At 5 a.m. the National Hurricane Centre in Miami said Danny’s maximum sustained winds had increased from 75 to 85 miles per hour. It was located about 985 miles east southeast of the Leeward Islands and moving towards the west northwest at 10 miles per hour, and interests in that part of the Caribbean have been advised to monitor its progress.
“This general motion is expected to continue during the next day or so. A turn toward the west is forecast by Saturday night . . . Some additional strengthening is possible today, but Danny should begin to weaken on Saturday,” the NHC said.
Danny is expected to reach the Leeward Islands on Monday as a storm, but forecasters say conditions in the Caribbean are less favorable for development – higher winds and drier air could cause it to lose steam.
A weakened Danny could also bring rainfall to drought-hit Puerto Rico, as well as the Virgin Islands early next week.
Danny is still a small hurricane, with hurricane force winds extending outward up to 10 miles from the center and tropical storm force winds extending outward up to 60 miles.
Danny is the first hurricane of the 2015 Atlantic hurricane season.
Tropical storms Ana, Bill and Claudette were the first named systems.
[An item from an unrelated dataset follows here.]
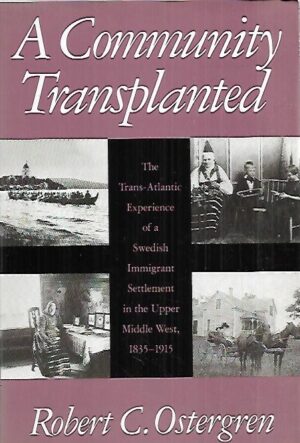 A Community Transplanted - The Trans-Atlantic Experience of a Swedish Immigrant Settlement in the Upper Middle West, 1835-1915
The first two touched down on the US coast with little to no damage while Claudette fizzled in the Atlantic before making landfall.
While most people across the region are focusing on Danny, forecasters are watching a broad area of low pressure a couple hundred miles south southwest of Bermuda that is interacting with an upper-level low and is producing disorganized showers and thunderstorms.
The NHC says environmental conditions could support some tropical or subtropical development while the system moves slowly northward over the western Atlantic Ocean through the weekend.
There is a low – 20 percent – chance of formation in the next 48 hours, but a medium – 60 percent – probability that formation could happen within the next five days.